Exercise instructions: Output each record below exactly, leaving any picture out of the copy.
-- Information given follows --
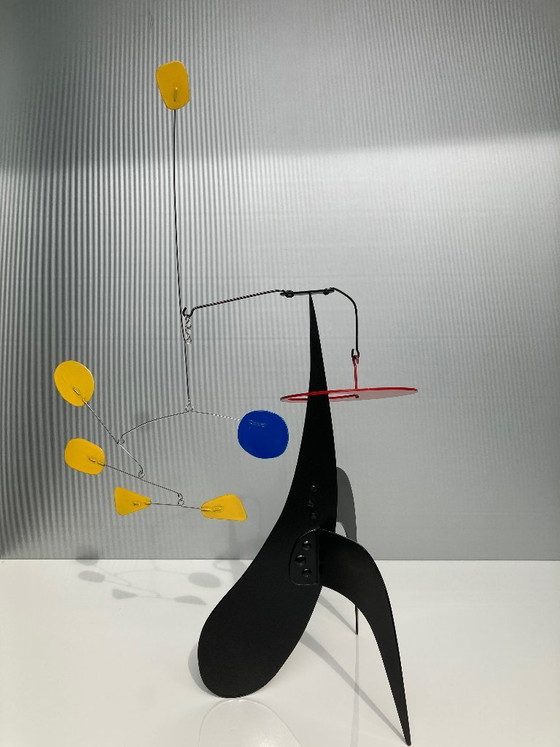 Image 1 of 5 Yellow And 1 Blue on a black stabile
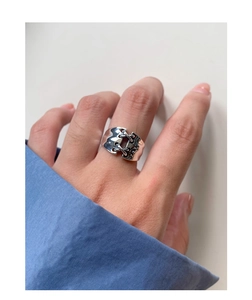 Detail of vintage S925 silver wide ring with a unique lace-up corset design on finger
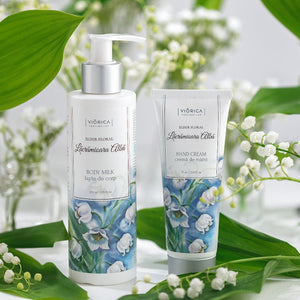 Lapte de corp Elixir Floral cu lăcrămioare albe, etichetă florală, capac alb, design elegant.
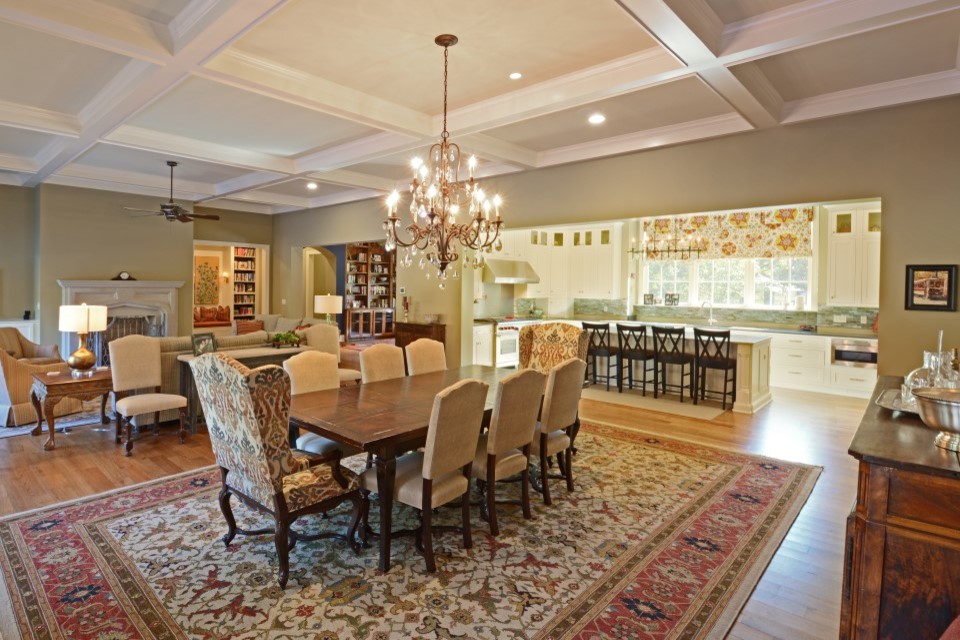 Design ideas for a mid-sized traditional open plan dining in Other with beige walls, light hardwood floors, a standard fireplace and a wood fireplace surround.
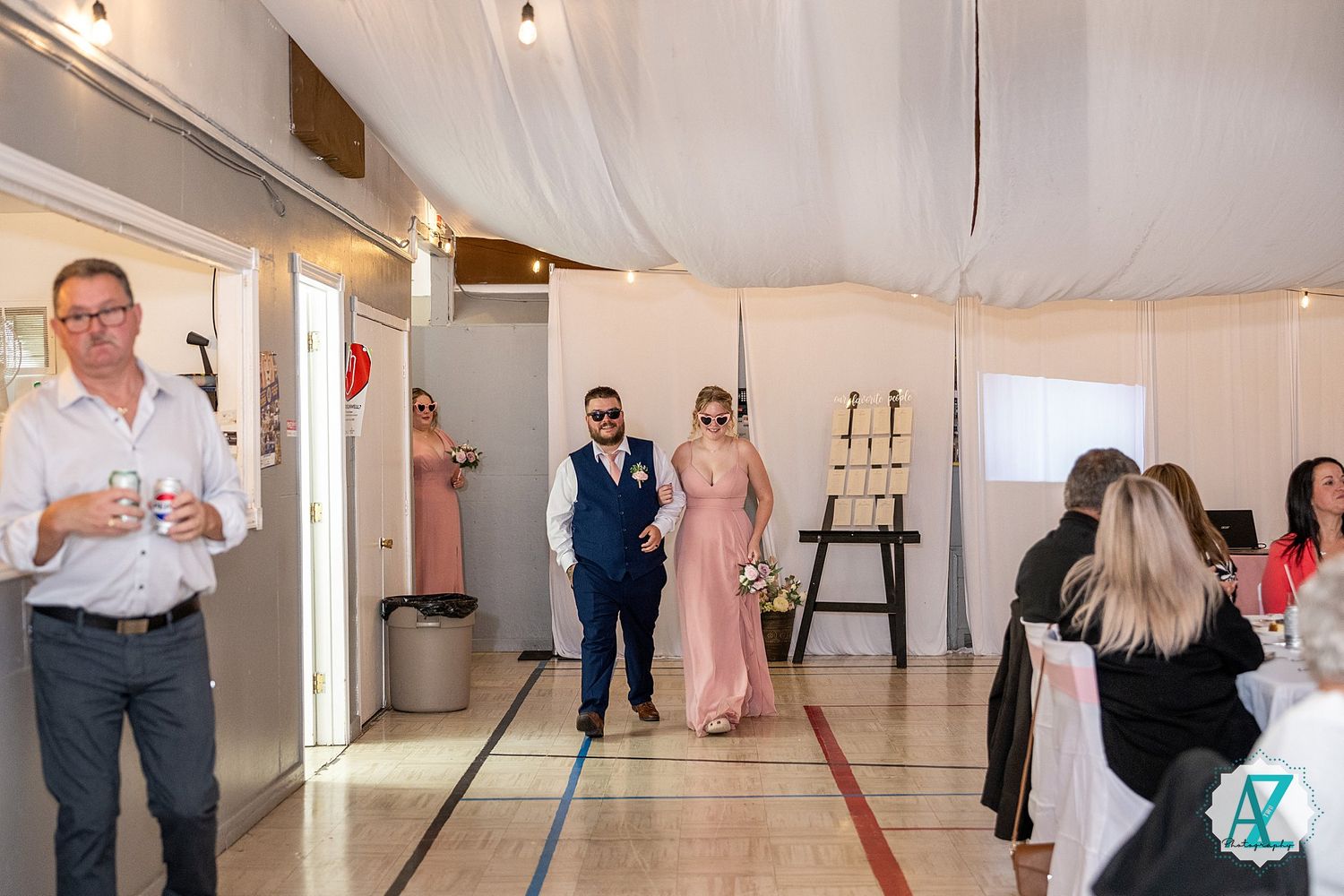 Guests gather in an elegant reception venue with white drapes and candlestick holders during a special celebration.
-- Information given concluded --
Exercise response:
 Image 1 of 5 Yellow And 1 Blue on a black stabile
 Detail of vintage S925 silver wide ring with a unique lace-up corset design on finger
 Lapte de corp Elixir Floral cu lăcrămioare albe, etichetă florală, capac alb, design elegant.
 Design ideas for a mid-sized traditional open plan dining in Other with beige walls, light hardwood floors, a standard fireplace and a wood fireplace surround.
 Guests gather in an elegant reception venue with white drapes and candlestick holders during a special celebration.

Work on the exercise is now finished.